Le créole est né du contact des populations déportées durant la période de l’esclavage dans les colonies: maîtres, esclaves, travailleurs contractuels, etc. Il est aussi le résultat de l’apport de diverses langues : indiennes, européennes et africaines, avec une prédominance des patois de certaines régions de France.
Les principaux esclaves africains qui ont apporté leurs langues sont les Wolofs, les Mandingues, les Aradas, les Nagos, les Congolais, les Monomotapas, etc. Ils ont surtout donné au créole des termes liés à la religion vaudou, comme par exemple “wanga” qui signifie “fétiche”.
On peut citer quelques exemples de mots créoles ayant pour origine la langue indienne “taïno” : “jurumu” qui est devenu le “giraumont”, le “koui” qui est “l’ustensile en calebasse”, ou le “kenep”, le fruit du même nom.
En ce qui concerne l’espagnol, on peut mentionner quelques mots tels que : “gagan” qui veut dire “gorge – gosier” tiré de “gargante” ou encore “cabicha” qui provient du verbe “cabecear” qui signifie “somnoler”.
Pour illustrer quelques prédominances françaises, notons le mot “kodenn”, le “coq d’Inde” du centre de la France. Le mot “vakabon” issu de l’ancien français (16e siècle) avec sa signification première de “mauvais sujet et de voyou” qui à encore ce sens en Haïti.

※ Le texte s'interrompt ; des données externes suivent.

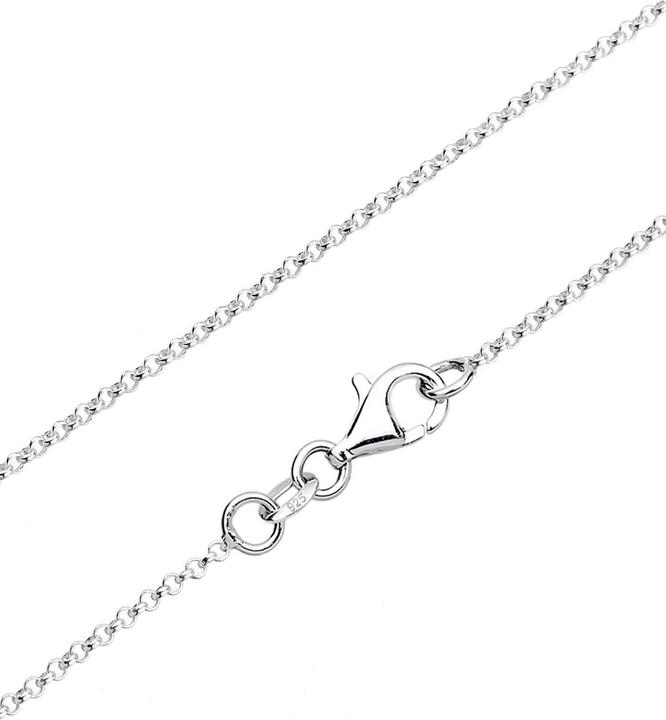 Image du produit Elli Visage souriant (Argent sterling 925, 45 cm)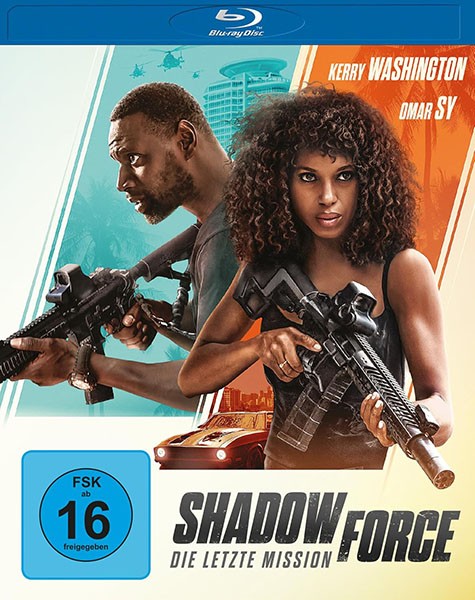 Лига теней / Shadow Force (2025/4K/BDRip/HDRip)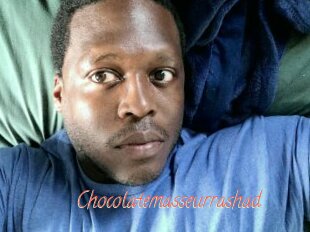 Chocolatemasseurrashad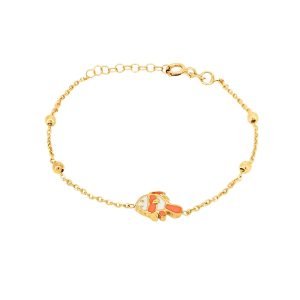 Bracciale Bambino Oro 9kt Nemo
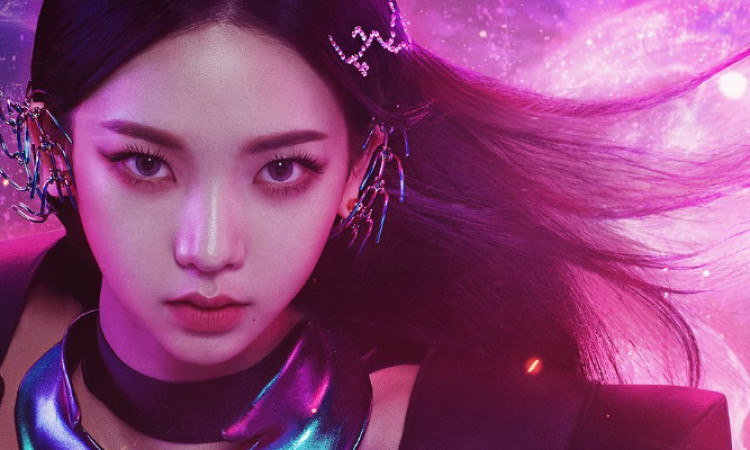 Aespa Rilis Teaser Karina Untuk Comeback 'Next Level', Netizen: Seperti Karakter Game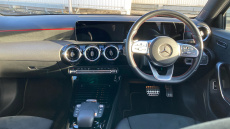 Mercedes-Benz A-Class A180 AMG Line Executive 4dr Auto Petrol Saloon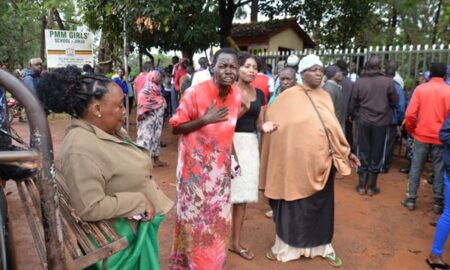 Jinja teacher nabbed over Lesbianism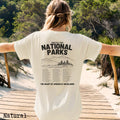 Protect Our National Parks Shirt National Park Gift Nature Tshirt Outdoor Shirt Adventure Shirt Hiking Shirt Camping Tee Travel Shirt Graphic Tee – Soft Feel · Must-Have Style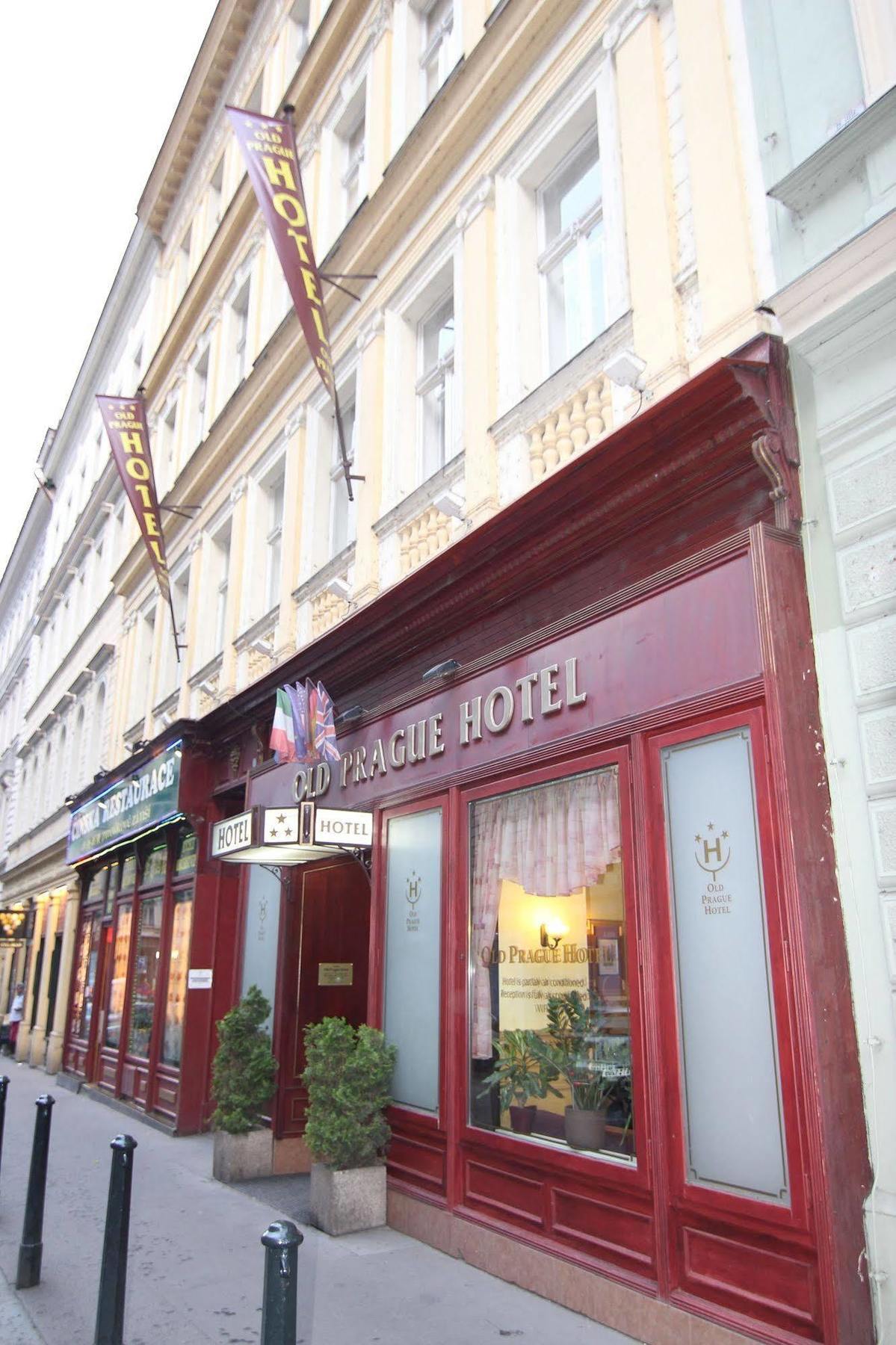 Old Отель 3*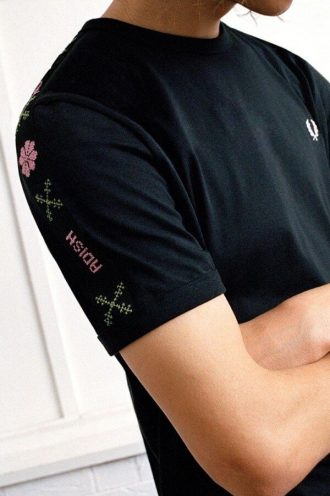 T-shirts Fred Perry SM3181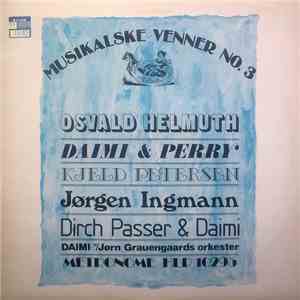Various - Musikalske Venner No. 3
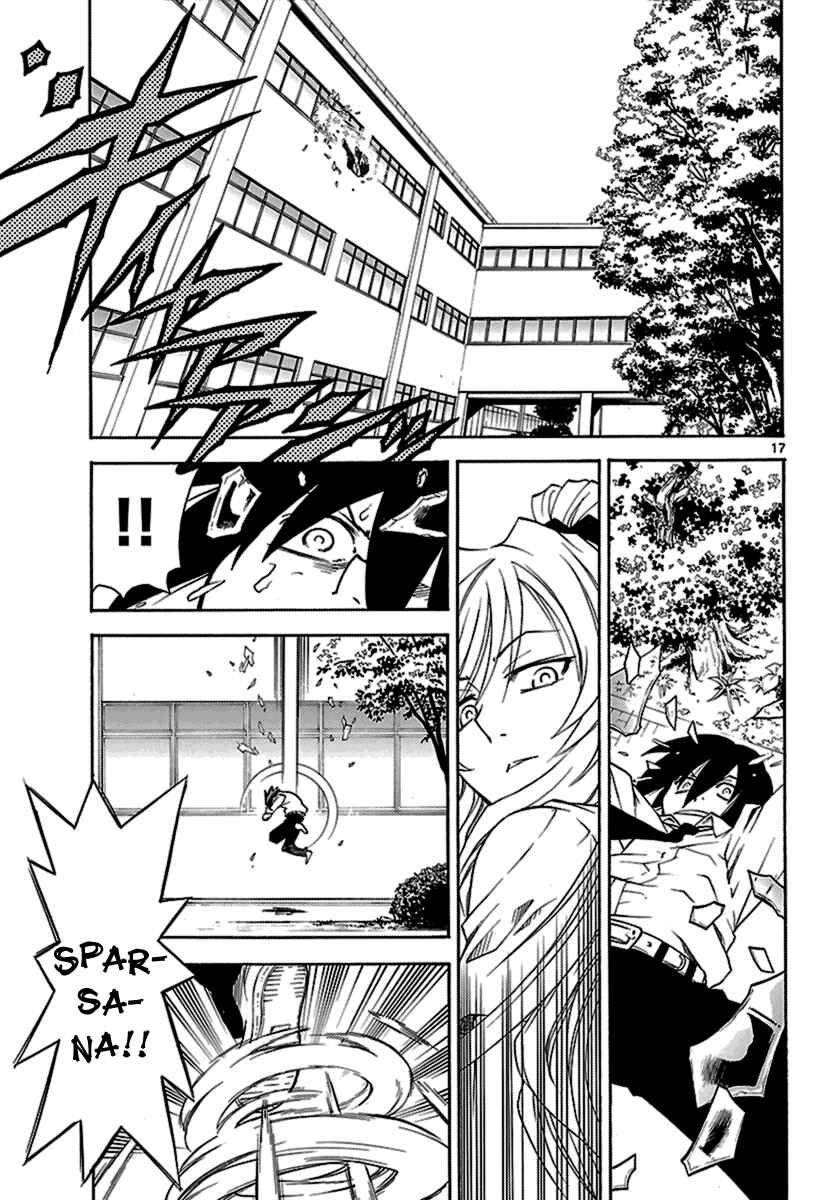 Page 17 Chapter 3 Popcorn Avatar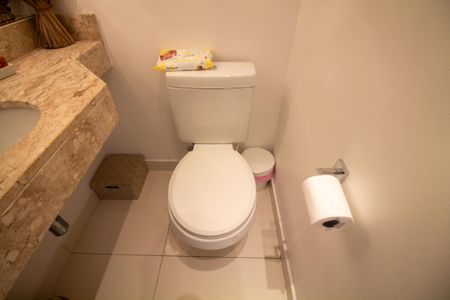 Apartamento para alugar com 82m², 2 quartos e 2 vagasLavabo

Le terme créole “misé” originaire de l’ouest de la France veut bien dire “ne pas se presser, prendre son temps” alors qu’il est compris aujourd’hui dans le sens de “parier”.
Mais de manière générale, le créole détient une majorité de termes du vocabulaire marin français. On peut dénombrer plusieurs types de créoles. Le créole francophone, anglophone, hispanophone et lusophone. Tous dérivés des pays colonisateurs européens.